Jesus does not promise a life without burdens or weariness. He offers a way of overcoming them. His is not an easy way out of problems but rather a liberating way into solutions. This is the wisdom that is hidden from the intelligent and the wise, but which is obvious to infants. Trust as children trust, Jesus says. Let a loving parent take you hand, Jesus says. Shelter on a mother's breast; be carried on a father's shoulders. Have confidence in a parent's promise. Live as though your needs are noticed, respected, provided. Underneath are the everlasting arms.
'Come to me, all you that are weary and are carrying heavy burdens,' Jesus says, 'and I will give you rest. For my yoke is easy and my burden is light.' We are so good at bearing heavy burdens, aren't we? Have you noticed how we compete with one another for the prize of being the busiest, of working the longest hours, of being the most exhausted, of having the most complicated schedules and the most demanding tasks? Have you taken stock of how often you pat yourself on the back for having achieved it all on your own, without the help of anyone, and indeed in spite of the hindering obstructions they throw in your way? Our burdens are heavy and our labours are wearying.
'Swap these,' Jesus says, 'my burden is light and my yoke is easy.' There is something very compelling about the Greek word which has been translated as 'easy.' The Greek word for 'light' to describe burdens carries much the same meaning as the English word. But the Greek word which describes the yoke as 'easy' has a richer connotation. It means, good, gentle, benevolent, benign, pleasant, in fact. 'Come, you weary ones,' Jesus is saying, 'turn in your heavy burdens and wearisome yokes that lock you into despair and shackle you to anxiety. Live life my way, with burdens that are light and yokes that are gentle and, in fact, pleasant.

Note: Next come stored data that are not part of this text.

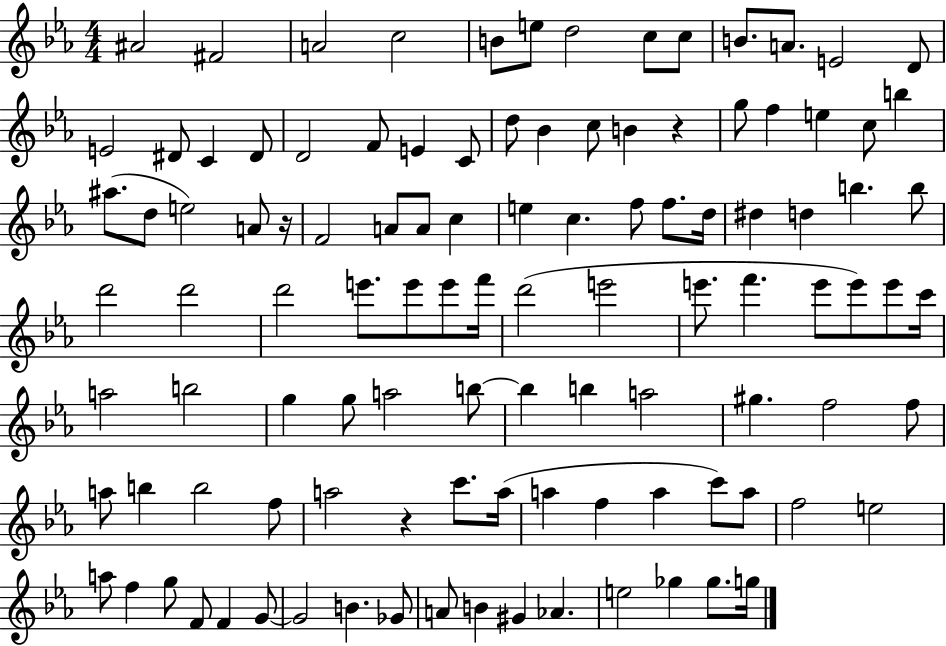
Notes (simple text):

A#4/h F#4/h A4/h C5/h B4/e E5/e D5/h C5/e C5/e B4/e. A4/e. E4/h D4/e E4/h D#4/e C4/q D#4/e D4/h F4/e E4/q C4/e D5/e Bb4/q C5/e B4/q R/q G5/e F5/q E5/q C5/e B5/q A#5/e. D5/e E5/h A4/e R/s F4/h A4/e A4/e C5/q E5/q C5/q. F5/e F5/e. D5/s D#5/q D5/q B5/q. B5/e D6/h D6/h D6/h E6/e. E6/e E6/e F6/s D6/h E6/h E6/e. F6/q. E6/e E6/e E6/e C6/s A5/h B5/h G5/q G5/e A5/h B5/e B5/q B5/q A5/h G#5/q. F5/h F5/e A5/e B5/q B5/h F5/e A5/h R/q C6/e. A5/s A5/q F5/q A5/q C6/e A5/e F5/h E5/h A5/e F5/q G5/e F4/e F4/q G4/e G4/h B4/q. Gb4/e A4/e B4/q G#4/q Ab4/q. E5/h Gb5/q Gb5/e. G5/s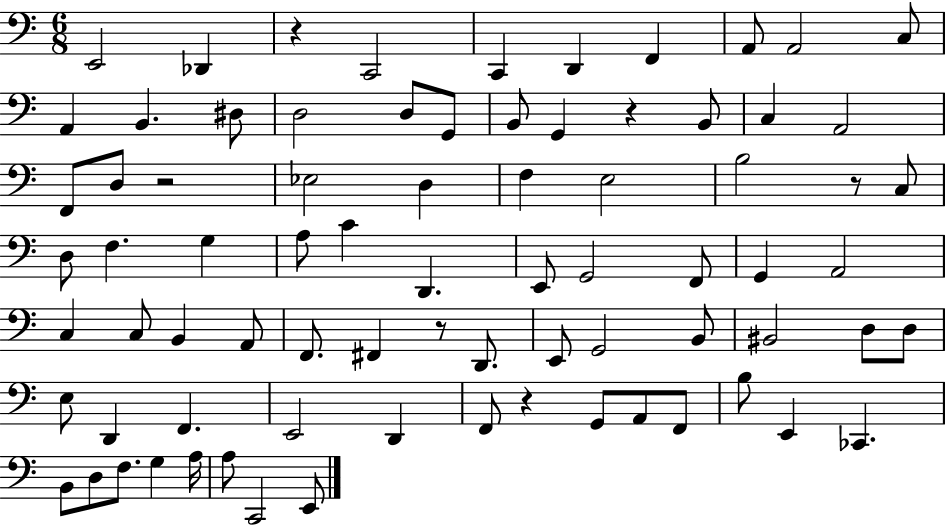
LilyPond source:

{
  \clef bass
  \numericTimeSignature
  \time 6/8
  \key c \major
  e,2 des,4 | r4 c,2 | c,4 d,4 f,4 | a,8 a,2 c8 | \break a,4 b,4. dis8 | d2 d8 g,8 | b,8 g,4 r4 b,8 | c4 a,2 | \break f,8 d8 r2 | ees2 d4 | f4 e2 | b2 r8 c8 | \break d8 f4. g4 | a8 c'4 d,4. | e,8 g,2 f,8 | g,4 a,2 | \break c4 c8 b,4 a,8 | f,8. fis,4 r8 d,8. | e,8 g,2 b,8 | bis,2 d8 d8 | \break e8 d,4 f,4. | e,2 d,4 | f,8 r4 g,8 a,8 f,8 | b8 e,4 ces,4. | \break b,8 d8 f8. g4 a16 | a8 c,2 e,8 | \bar "|."
}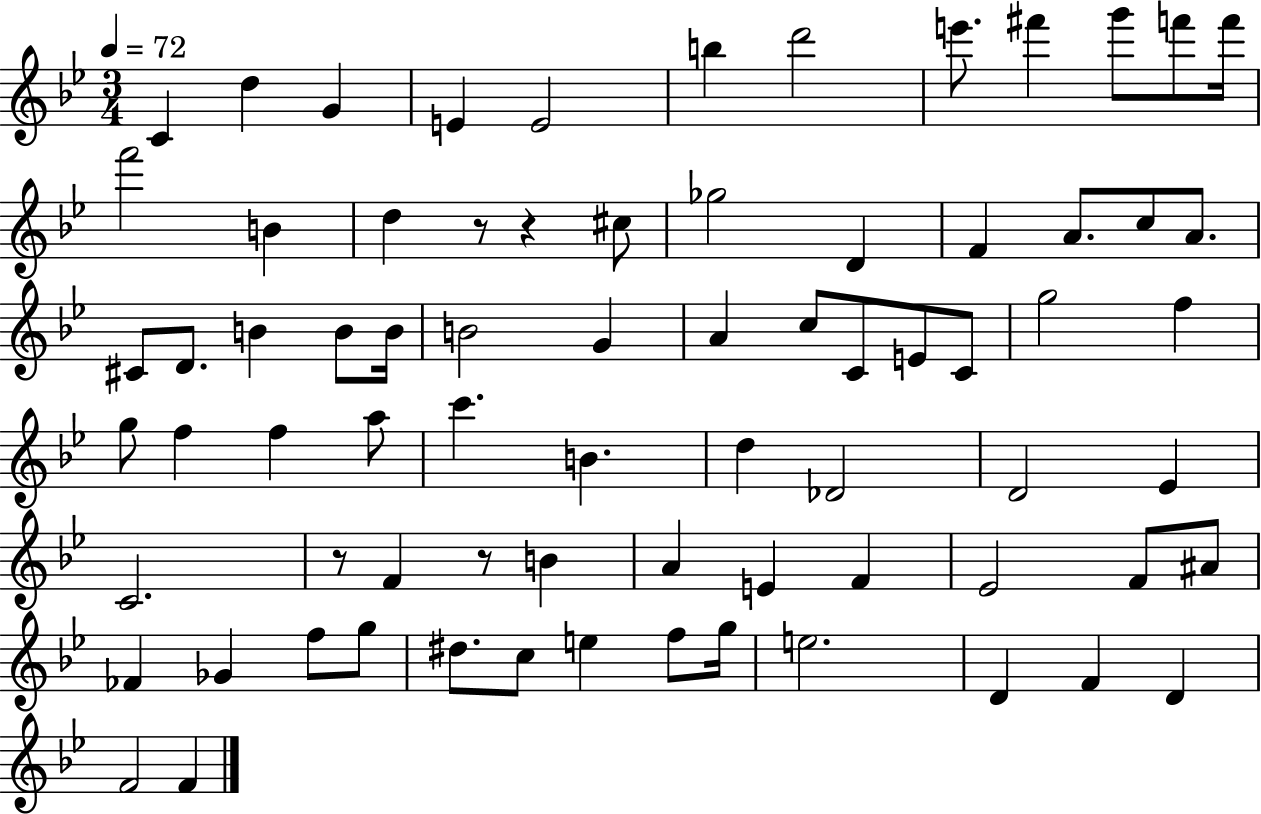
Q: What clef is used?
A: treble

Can it be, just perhaps, that we prefer our heavy burdens because like blinkers and blinders they keep our vision narrow and selfish? Can it be, just perhaps, that the way of life that Jesus proclaims, with its light burdens and pleasant yokes liberates us from self-pity and self-indulgence? Those whose burdens are light and whose yokes are pleasant have time, energy and inclination to look up at the world around us, and then to have a care for those who are powerless and downtrodden, the stranger in our midst and the neighbour across our borders. Those whose burdens are light and whose yoke is pleasant have the vigour to be patient with those they love, kind to those who walk alongside them and generous to those they must forgive. Those whose burdens are light and whose yoke is pleasant have space in their hearts to listen to those who are different and who live different lifestyles, and in the listening learn from them.
May God give us the grace to let our Saviour free us from burdens that weigh us down and the yokes that oppress us, and in their place shape our lives with a vocation that is light and pleasant, freeing us to do the work of the love of Christ.